STILLWATER — Glenn Spencer leaned back on a cushy suite-level couch inside Boone Pickens Stadium.
But he didn’t look comfortable.
The Oklahoma State defensive coordinator squirmed and squinted as questions rolled his way during Monday’s media availability. These weren’t tough questions, mind you. Quite the opposite. These were questions about how well his defense had played against Florida State, how it went toe-to-toe with Jameis Winston and Co., how it didn’t back down from the defending national champions.
But finally, Spencer’d had enough.
Looking a little bewildered, he said, “I got off track because I keep thinking, ‘Everybody’s talking to me like we won the game.’ We lost the game. I’m getting all these questions like I would after we won a football game. And we didn’t. We didn’t do what we needed on our side of the ball to win.
But whether Spencer likes it or loathes it, that 37-31 loss to Florida State was a win for the OSU defense.
A win for Spencer, too.
His second season as a defensive coordinator is only one week old, and yet, Spencer has added a little more to his already impressive resume. A year after retooling the Cowboy defense and coming within a hair of a Big 12 championship, he took a defense with seven first-time starters up against a powerhouse and produced a masterful performance. Yes, his defense didn’t make quite enough stops to win the game. Sure, it gave up 30 points. But considering the opponent, the stage and the circumstance, there was way more good than bad.
Spencer just continues to impress.
Makes you wonder how much longer he wins over someone who needs to fill a big-time head-coaching job.
It really only seems like a matter of time before Spencer is leading a major-college program. He was a small-college head coach at West Georgia before making the move to major-college ball as an assistant. Over the past few years, he’s gotten a couple of looks from lower-level programs that needed head coaches.
Keep up what we’ve seen thus far, and the suitors are going to get better and better.
Spencer, though, insists he doesn’t deserve any credit.

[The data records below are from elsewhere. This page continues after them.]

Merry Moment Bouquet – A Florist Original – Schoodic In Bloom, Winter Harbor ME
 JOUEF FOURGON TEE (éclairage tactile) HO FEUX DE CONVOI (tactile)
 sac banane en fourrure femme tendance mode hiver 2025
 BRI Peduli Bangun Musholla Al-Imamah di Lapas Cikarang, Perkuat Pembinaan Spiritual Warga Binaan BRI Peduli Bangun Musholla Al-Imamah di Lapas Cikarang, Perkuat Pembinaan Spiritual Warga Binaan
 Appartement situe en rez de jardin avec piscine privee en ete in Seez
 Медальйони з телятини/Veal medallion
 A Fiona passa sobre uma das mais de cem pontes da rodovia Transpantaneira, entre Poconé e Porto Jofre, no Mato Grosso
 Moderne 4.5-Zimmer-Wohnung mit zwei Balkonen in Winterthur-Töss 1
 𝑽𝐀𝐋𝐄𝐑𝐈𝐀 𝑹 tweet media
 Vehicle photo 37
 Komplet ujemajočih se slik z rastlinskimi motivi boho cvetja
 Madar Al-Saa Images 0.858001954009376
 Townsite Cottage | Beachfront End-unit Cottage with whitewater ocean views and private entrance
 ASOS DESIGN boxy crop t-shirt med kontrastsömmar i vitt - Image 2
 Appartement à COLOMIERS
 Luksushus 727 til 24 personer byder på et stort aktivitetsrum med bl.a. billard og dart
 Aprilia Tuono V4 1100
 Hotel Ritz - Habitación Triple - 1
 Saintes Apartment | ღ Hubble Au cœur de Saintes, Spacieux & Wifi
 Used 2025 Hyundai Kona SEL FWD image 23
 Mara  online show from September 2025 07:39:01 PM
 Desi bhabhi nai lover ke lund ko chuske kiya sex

“Oh, no, it’s not me,” he said Monday in one of his calmer moments Monday. “It’s (the players). It’s them wanting to play hard for each other.”
Spencer has helped instill that. One of his many mantras is “Play for the guy next to you.” He wants his players to play hard because they love the 10 other guys who are on the field and they don’t want to let them down.
That brotherhood, Spencer believes, makes the whole greater than the sum of the parts while motivating each player to play his best with his highest effort.
Spencer offered up a high-profile example from Saturday night. Cowboy fans remember Ofa Hautau going all out chasing Winston. The defensive lineman is 6-foot-2, 290 pounds. He is not fleet of foot. But he did not give up on trying to catch the Florida State quarterback.
On Sunday, Spencer showed that clip in the film room.
But after praising Hautau, he pointed out a couple other players who didn’t stay after it. They didn’t sell out. They didn’t give their all.
“There’s him,” Spencer said, pointing to Hautau, “and then, there’s you two. Just think if you would’ve wanted it.”
Maybe they wouldn’t have caught him, but really, who knows?
“Is this going to happen again?” Spencer asked.